#### [EXERCISE DESCRIPTION]
Begin the copy at the line containing "#plants4ssr" and end it at the final line of the material below, reproducing each line exactly, without images.

#### [INFORMATION SHOWN]

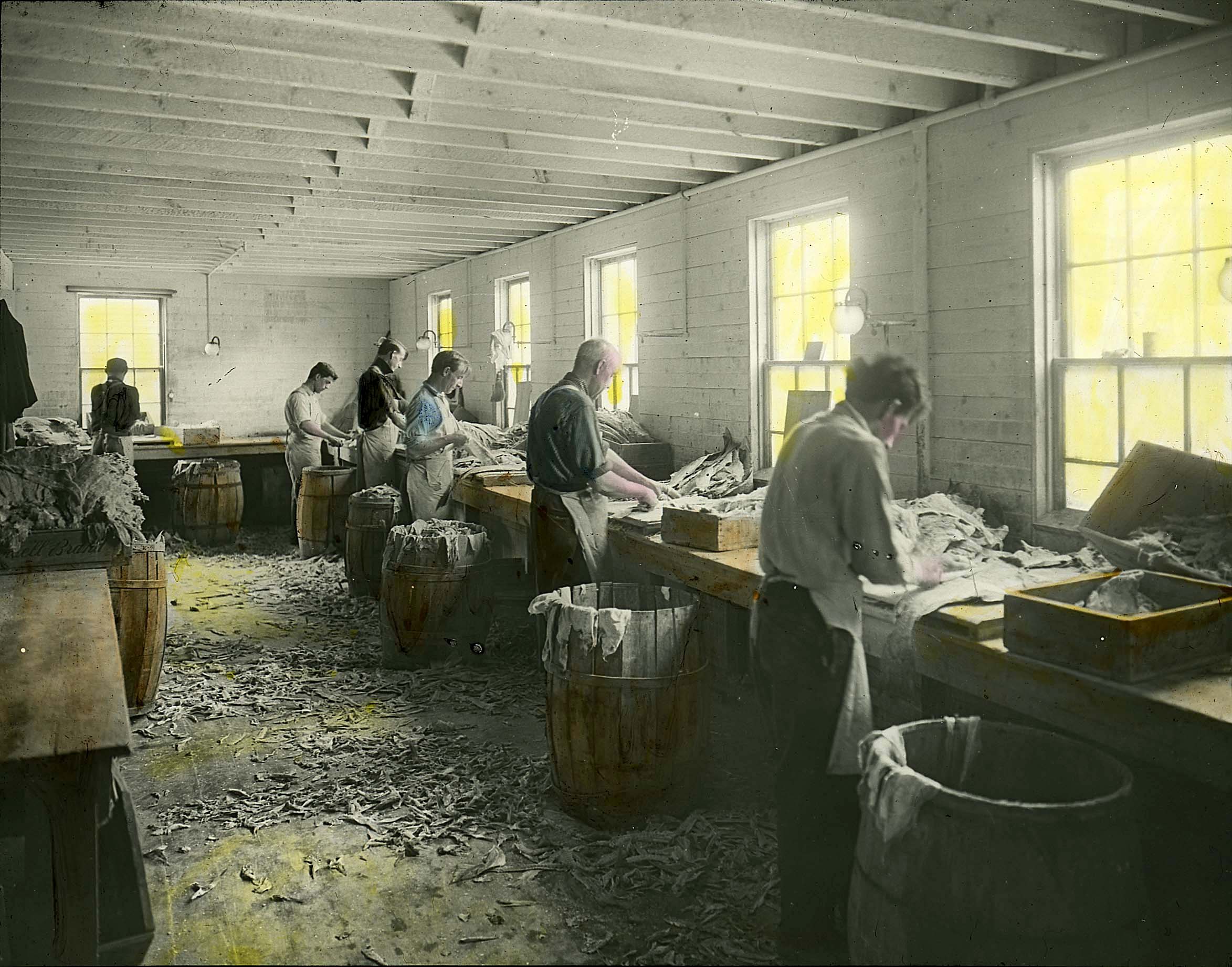 Fish skinning at Sylvanus Smith & Co., Gloucester, MA. Herman W. Spooner hand-tinted lantern slide, c. 1900. Collection of the Cape Ann Museum Library & Archives, Gloucester, MA.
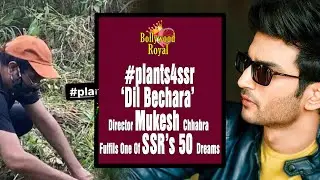 #plants4ssr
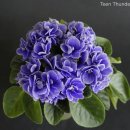 바이올렛 이미지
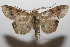  ( - 08-SRNP-105556)  @13 [ ] CreativeCommons - Attribution Non-Commercial Share-Alike (2013) Daniel H. Janzen Guanacaste Dry Forest Conservation Fund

#### [RESPONSE TO THE EXERCISE]
 #plants4ssr
 바이올렛 이미지
  ( - 08-SRNP-105556)  @13 [ ] CreativeCommons - Attribution Non-Commercial Share-Alike (2013) Daniel H. Janzen Guanacaste Dry Forest Conservation Fund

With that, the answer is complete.